「体操女子パワハラ」問題の陰で、スポーツ庁の鈴木長官は何をやっているのか赤坂8丁目発 スポーツ246(3/4 ページ)

» 2018年09月06日 12時22分 公開
[臼北信行ITmedia]

国民の血税が投入されている

 そもそもスポーツ庁は2015年10月1日に発足。JOC(日本オリンピック委員会)とは別個にスポーツ行政の司令塔として東京五輪・パラリンピックへ向けた戦略的強化費を各競技団体に分配する窓口的な役割も担う。

 東京五輪・パラリンピック開催に関することだけでなく、他の分野においても日本のスポーツ行政を推進していく文部科学省の外局である立ち位置から、さまざまな役割を果たすべく大きな権限が与えられている。そして、そこにはいずれも我々の血税が投入されている点を忘れてはいけない。

 大々的に報じられてはいないものの、もしかすると成果が見込めそうな改革もスポーツ庁は推進している。同庁は2018年度の大学スポーツ振興事業の対象として7月末、関西大学や法政大学、立命館大学など全国から15校を選んだことを発表。

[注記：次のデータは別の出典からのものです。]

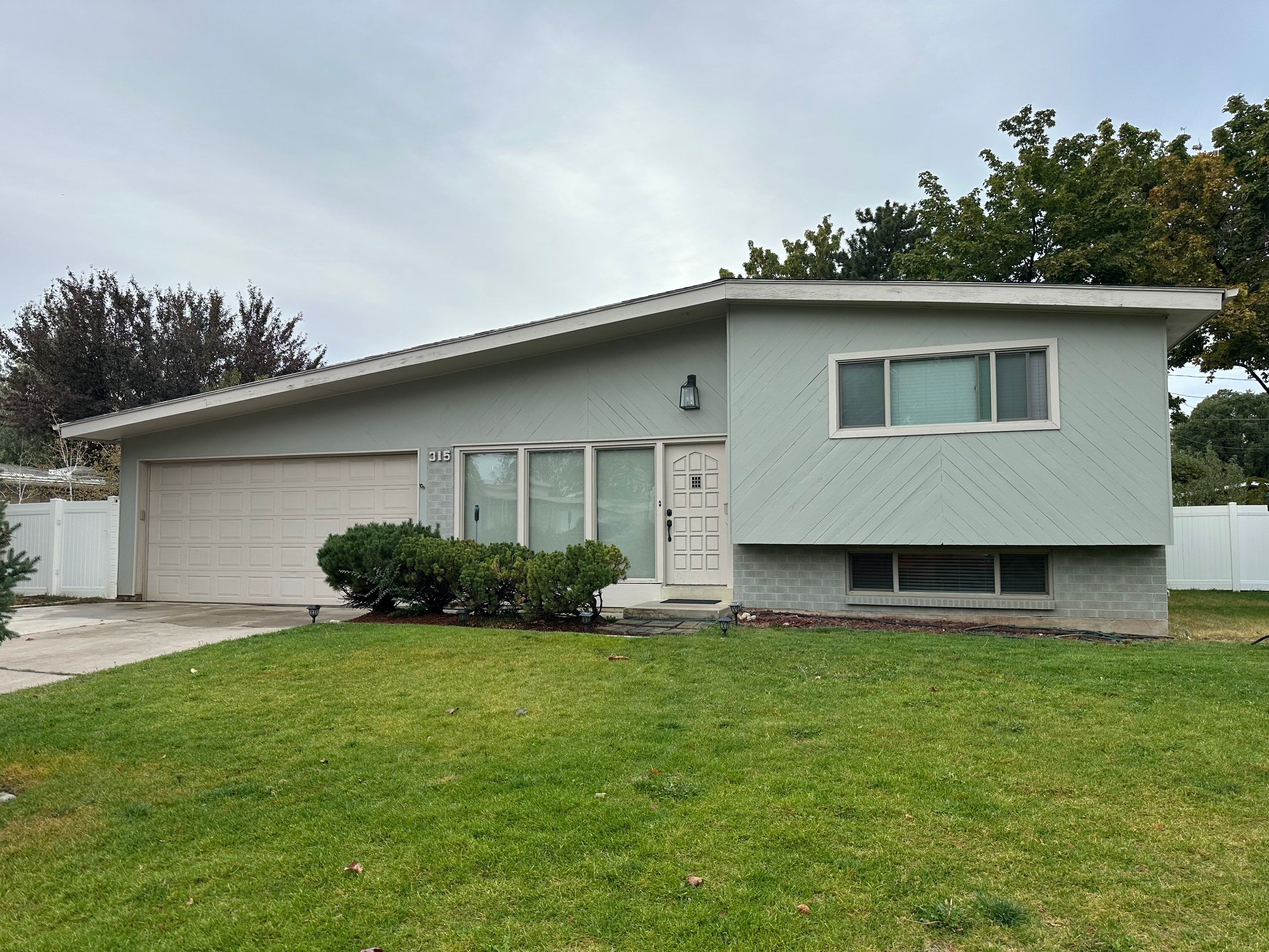 Roofing in Murray, UT by Go Pro Roofing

3月から5月にかけて全国の大学から事業の提案を募り、有識者会議を経て審査した。

 選ばれた15校は国から財政支援を受け、トップアスリートの養成や地域でのスポーツ普及を加速させることになる。これは2019年春に設立予定の「全米大学スポーツ協会(NCAA)日本版」の創設に付随する流れだ。

 本場米国のNCAAのような組織になれるのかは疑問符も付くが、これまでどちらかといえばガバナンスが難しく目が行き届きにくいところもあった日本の大学スポーツに風穴を開けることにつながる可能性はある。

 スポーツ庁が目標とする全国の大学200校と40の学生競技団体でスクラムを組めれば、日本大学の悪質タックル問題を引き起こす要因につながった内田正人前監督のような“独裁者”は今後、生まれにくくなるかもしれない。当然、絵に描いたモチにならなければの話ではあるが――。